How is this affecting the church in Belarus and my ministry in particular? A number of my Christian friends have been detained recently. Some of them are still in jail, some awaiting trial. One of our church members was an observer at the polling station. He asked a simple question that one of the officials didn’t like. They lodged a statement with the police against him. Now he is awaiting trial that will most likely result either in a hefty fine or several days in prison. The national suffering came very close to us in this way.
There is an interdenominational prayer meeting that takes place every weekday on one of the central squares in Minsk. I try to attend it a few days of the week. I am able to give a 5-7 minute address from Scripture and lead in prayer. The attendance ranges from 20 to 60. I can see that believers need encouragement from the Word literally daily. In some circles the Gospel is unclear, the truth of God’s sovereignty is unclear. My desire is for people to have a full-orbed biblical view of God. It’s not an easy task for us as pastors now to preach the whole council of God, placing God’s justice and God’s grace in Jesus in their proper places. My head is busy with this all the time.
I am thankful for the spirit of unity among different Christians as we face evil and violence together. I am thankful for every social media post and every video address where more and more Christians and non-Christians speak against lies and lawlessness. I see this as work of God’s common grace. I realize that by God’s mercy many unregenerate people beginning to seek truth and justice. As a church we have ultimate answers to ultimate questions. Today people are confronting evil without, and that’s good in and of itself. But tomorrow they will have to confront evil within. This is a much more difficult confrontation. We stand with all those who want to see good triumph over evil but our Christian ambition is far greater: to see final victory of the Righteous King over the kingdom of Satan. I want my countrymen to see that the problem is far more serious than it looks even now. I want them to see that the solution is eventually not in their hands but in the hands of God.
About two weeks ago I was having a long ride on the train. I found myself in a conversation with a woman. She was going to Minsk to join a big protest march the following day. She told me how in the previous weeks her world turned upside down and how uncertain the future looked. I shared with her how I process the situation as a Christian. I feel all the same worries and fears but I put my trust in the King of Kings who sits in heaven. He appoints kings and dethrones them. He holds history in his hands. He loves me and keeps me. She warmly thanked me for an encouraging conversation. She promised she would check out my YouTube channel. I know that the Lord invariably turns evil into good for his beloved. I pray that it may be true in the lives of many whom God still plans to call and make his sheep. I know my conversation was one in thousands that faithful Christians were able to have with people out there.

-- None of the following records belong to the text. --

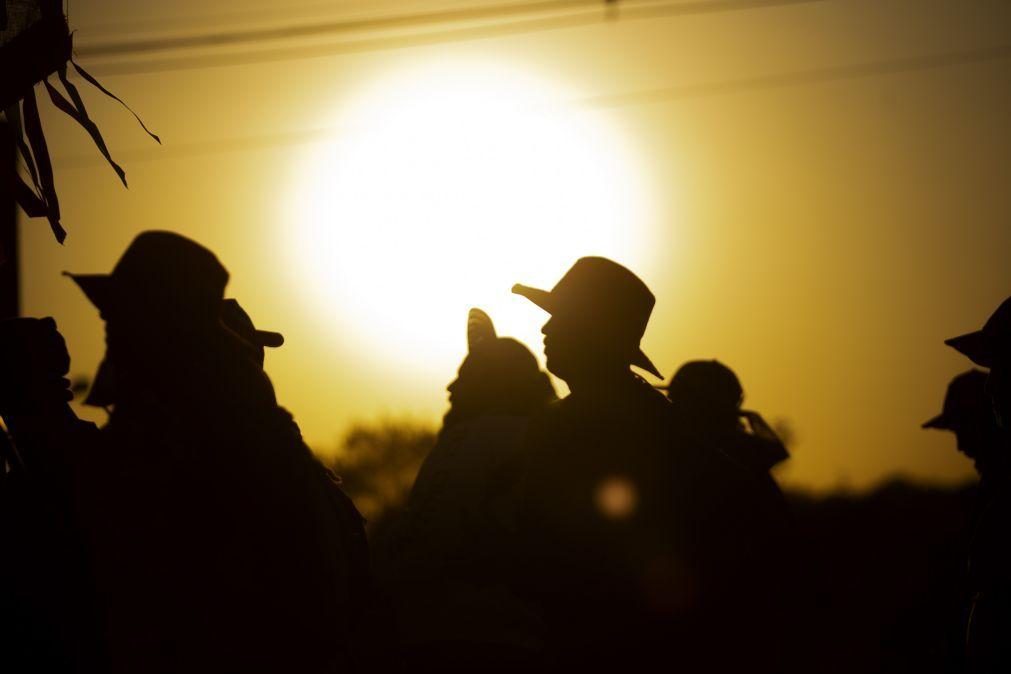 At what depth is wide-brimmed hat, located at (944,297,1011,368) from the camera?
207 inches

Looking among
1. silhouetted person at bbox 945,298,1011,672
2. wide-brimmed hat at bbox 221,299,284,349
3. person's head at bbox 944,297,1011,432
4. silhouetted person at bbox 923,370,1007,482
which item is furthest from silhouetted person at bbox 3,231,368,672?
silhouetted person at bbox 923,370,1007,482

We see so clearly that freedom has a cost, biblical convictions have a cost, faithful preaching has a cost. Today many other pastors like myself realize that we have no guarantee that things will turn out safe for us. Anyone who made public statements against state violence crossed the line. We are on an emotional roller-coaster: one day it feels like the victory is close and this giant with feet of clay will collapse, the other day you are overcome with dread and despair. I keep telling my own soul and my fellow believers that we don’t base our hope on the news we receive daily, good or bad; or on the forecasts of political analysts, optimistic or pessimistic. We set our hopes in God. Our God led his people though trials hundreds of times and never failed them. As I open the Bible in the midst of our national crisis I find the same God, Creator of all things, the same Lord Jesus Christ, who redeemed us with His blood, the same Holy Spirit, who fills us with power to be witnesses for Jesus.
There are many ways you could pray for us these days. Here is one specific suggestion from me. Please pray that the following passage from Heb 12 may be true in the life of every Belarusian Christian:
1 Therefore, since we are surrounded by such a great cloud of witnesses, let us throw off everything that hinders and the sin that so easily entangles. And let us run with perseverance the race marked out for us, 2 fixing our eyes on Jesus, the pioneer and perfecter of faith. For the joy set before him he endured the cross, scorning its shame, and sat down at the right hand of the throne of God. 3 Consider him who endured such opposition from sinners, so that you will not grow weary and lose heart.